FDA makes landmark decision on menthol cigarettes, takes small steps in e-cigarette use

Published on December 3, 2018

Updated on January 14, 2019

Contact: Lisa Berry Edwards
(703) 519-2107

ALEXANDRIA, Va. —The U.S. Food and Drug Administration (FDA) announced new regulations targeted toward reducing use of flavored e-cigarettes, cigars and cigarettes among youth.

On November 16, FDA Commissioner Scott Gottlieb unveiled the FDA’s proposal to ban menthol in combustible tobacco products. Historically, use of menthol tobacco products has been highest among African-Americans and youth. According to recent data, 54 percent of youth smokers use menthol cigarettes—and the rate is even higher among African-American youth at 70 percent. The new regulation attempts to address these disparities.  

“People who smoke menthol cigarettes are more likely to start smoking regularly. And once they start, it’s harder to quit,” said Carolyn Aldigé, founder and CEO of the Prevent Cancer Foundation®. “Banning the use of menthol in cigarettes is an important step in reducing smoking rates—and ultimately reducing cancer risk—especially among youth and minorities who are targeted by these products most.”

Gottlieb also announced the FDA’s new strategies to combat the rising rates of youth e-cigarette use.
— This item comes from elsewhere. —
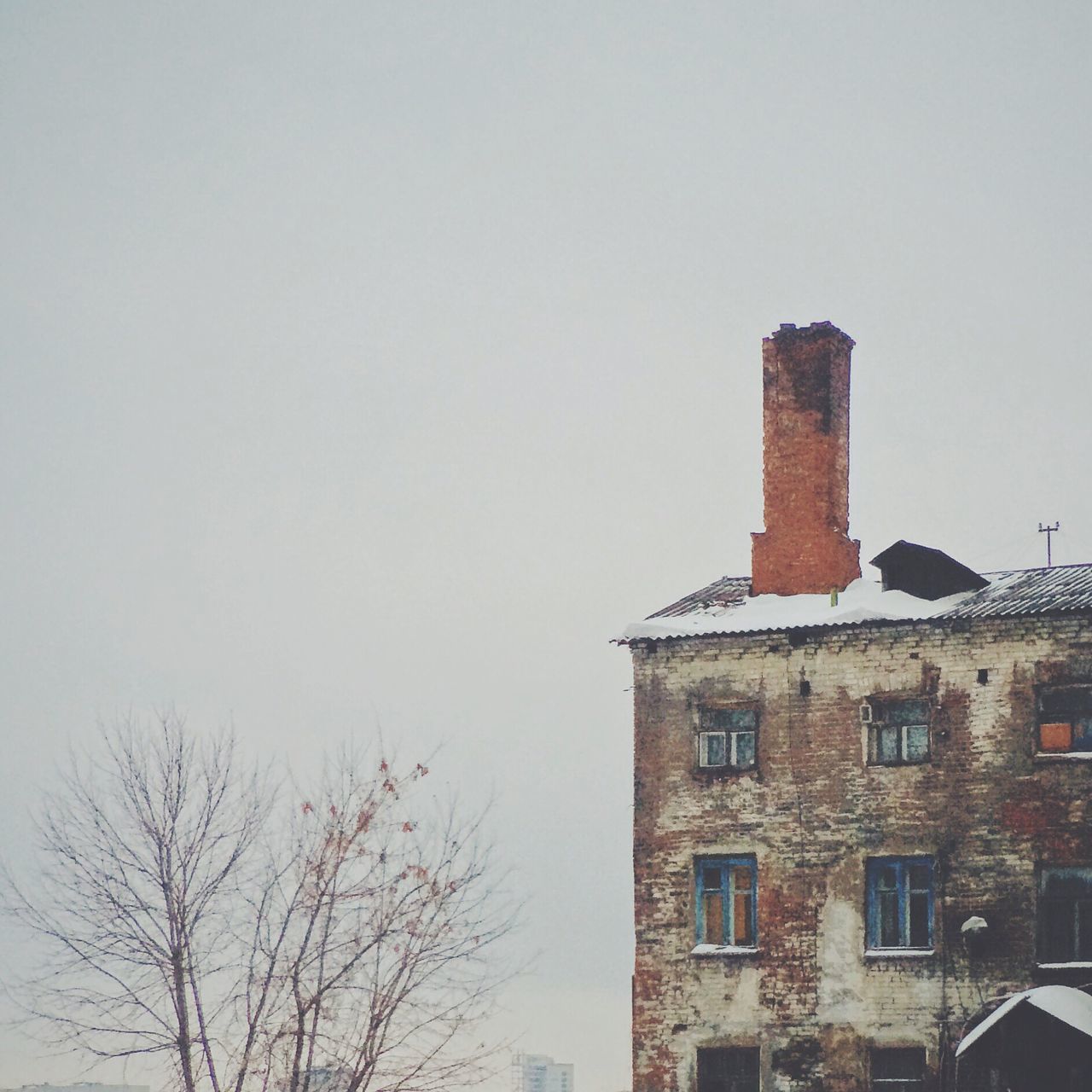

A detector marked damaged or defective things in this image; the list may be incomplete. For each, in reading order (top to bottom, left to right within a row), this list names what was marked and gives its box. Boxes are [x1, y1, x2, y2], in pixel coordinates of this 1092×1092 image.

With this new regulation, flavored e-cigarette products can only be sold in age-restricted areas of stores or online through sites with heightened age verification practices. These regulations do not apply to mint, menthol and tobacco-flavored products, which will still be available as currently sold.

Gottlieb’s announcement comes on the heels of the 2018 National Youth Tobacco Survey (NYTS), which revealed a 78 percent increase in e-cigarette use among high school students and a 48 percent increase among middle school students.
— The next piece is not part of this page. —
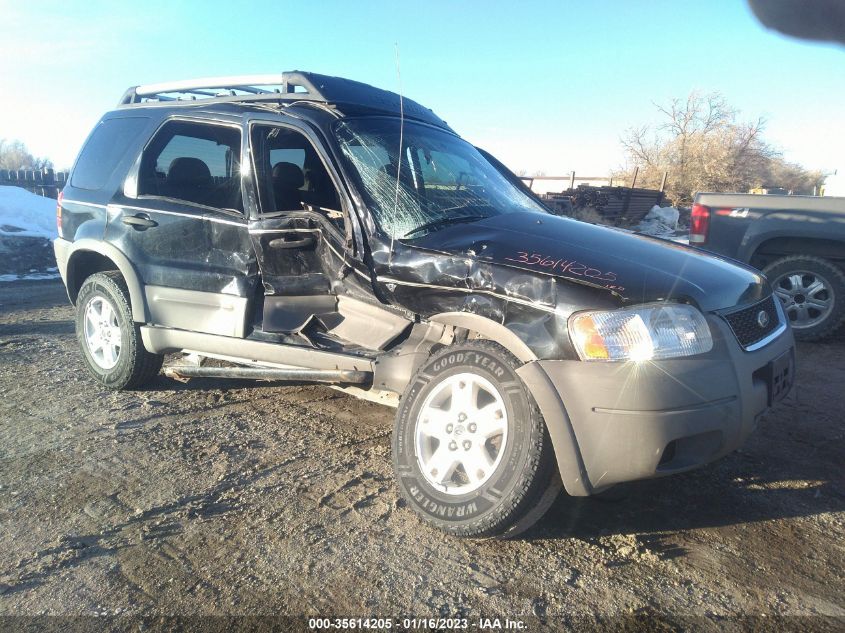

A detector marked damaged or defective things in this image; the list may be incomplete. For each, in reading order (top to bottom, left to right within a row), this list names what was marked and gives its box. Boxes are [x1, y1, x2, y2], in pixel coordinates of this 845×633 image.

shattered windshield glass [332, 117, 544, 238]
cracked windshield [332, 117, 544, 238]
damaged black suv [56, 73, 796, 540]
crumpled hood [410, 211, 772, 312]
“These data show that the state of e-cigarette use among youth in this country is dire, and we need to take strong action to protect children and teens from nicotine addiction and other dangers of e-cigarettes,” said Carolyn Aldigé. “This action from the FDA is a start, but more must be done to keep these products off the market and out of kids’ hands.”

The FDA still needs to issue a notice of proposed rulemaking (NPRM) and hold a public comment period before the regulations take effect. No notice had been filed as of date of publication.

The Prevent Cancer Foundation® strongly supports legislation that protects kids and teens from tobacco products. We commend the FDA for banning menthol cigarettes and flavored cigars, but there is still more to be done to deter young people from using e-cigarettes. We hope that the FDA continues to address the e-cigarette sales to protect the health of youth across the U.S.